もう、使い勝手のいい言葉リストに「コミュ障」の文字はない。

大学生の頃、周りの人とうまくコミュニケーションが取れず、怒られたり怒ったり、悲しまれたり悲しくなったりしていた頃、よく「コミュ障」という言葉を使っていた。

似た気質の人で集まって絆を深めるために「うちらコミュ障だよね」って言ったり、初めましての人の期待値を下方修正するために「私コミュ障なんで」って言ったり、「コミュ障」は私にとってさまざまな用途に使える身近な言葉だった。

この前、久しぶりに会う友達と近況トークをした。友達が「今の環境、コミュ障が多いんだよね」と言う。それに違和感を覚えた。縁遠さを感じる自分がいた。

コミュニケーション障害。それは、日常生活や社会生活のコミュニケーションで障壁を感じることだと思う。

自分の意見や気持ちが相手に届かず、悩んだ挙句に涙を流したことがある。それを回避するために極端に人とコミュニケーションを取らないようにしたことがある。うまくいかずコミュニティを弾き出されたこともある。
あの頃の自分は日常生活や社会生活を送るのに障壁があった。そういう意味で私はコミュ障だった。
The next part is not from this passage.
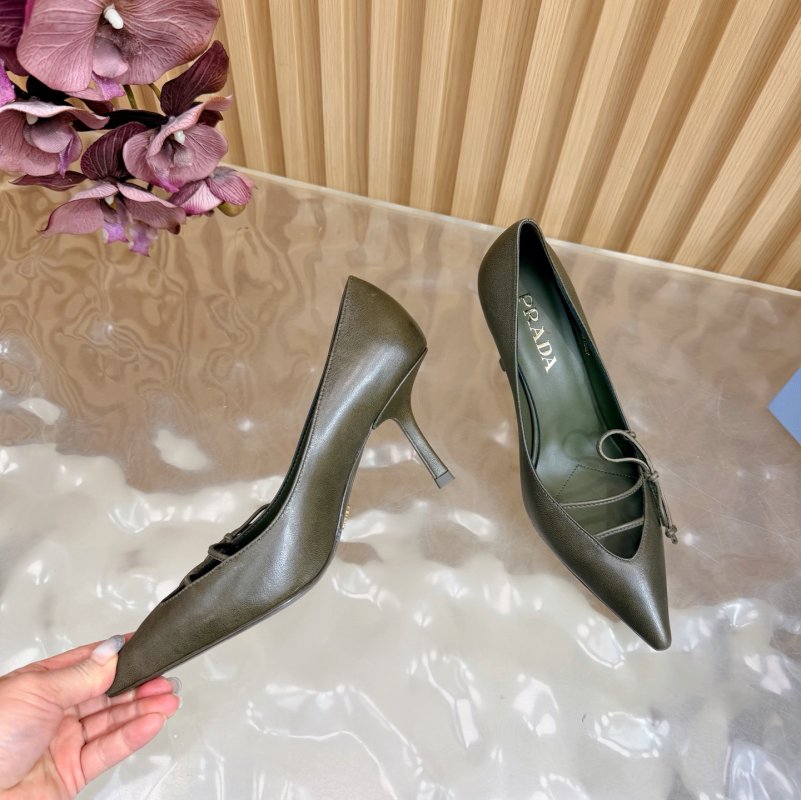 Туфлі на високому підборах з гострим носком фото 7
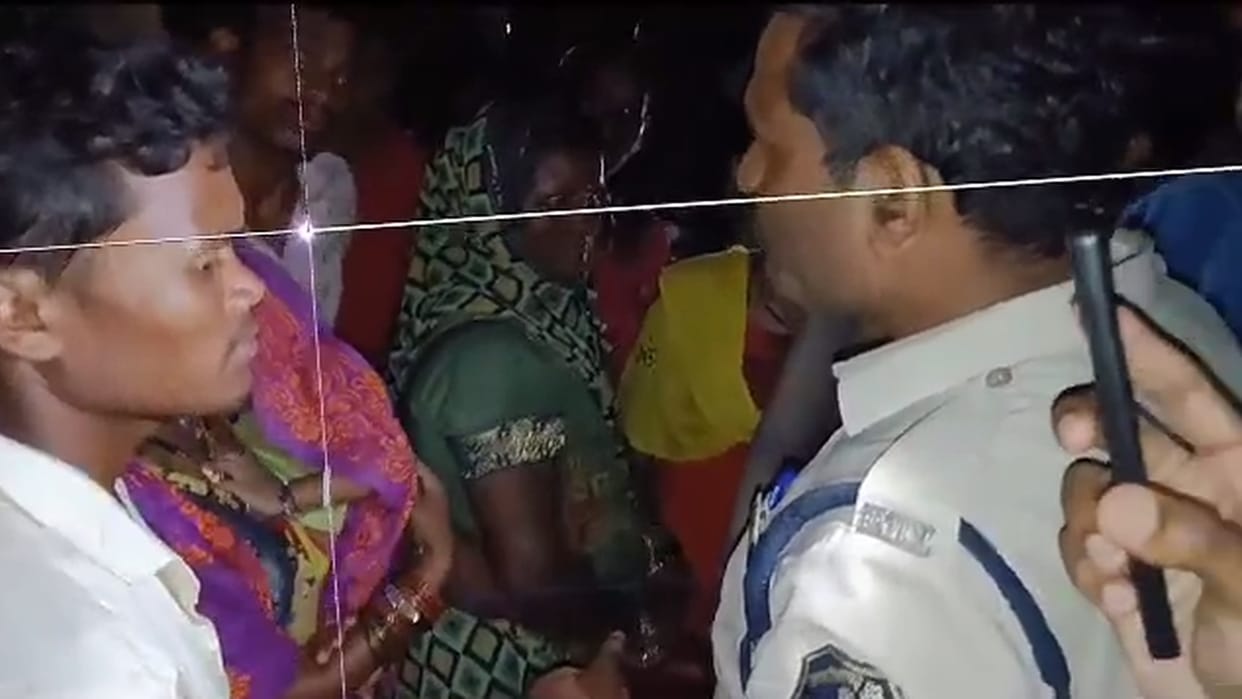 Villagers clashed with Excise Department team after illegal liquor was caught in Korba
会社勤めをはじめると、コミュニケーションの重要性が高まった。チームメンバーとの報連相に社内政治にクライアント対応。会社の中はコミュニケーションだらけだし、逃れられない。

一方で、一緒に考え導いてくれる人たちがいる。メールを添削してもらった。アポの前にシュミレーションしてもらった。MTGの後にフィードバックをもらった。大変だったけれど、1人で悩んでいた頃と比べて前向きになれた。スキルの問題だと割り切って継続してチャレンジできた。おかげで人並みのスキルと自信がついた。


いまでも、すべてのコミュニケーションが気楽に行えるわけではない。大人数でカラオケに行ったり、あまりにタイプが違う人と接したりすると戸惑う。けれど、毎日生きづらいほど困りはしてない。もう、使い勝手のいい言葉リストに「コミュ障」の文字はない。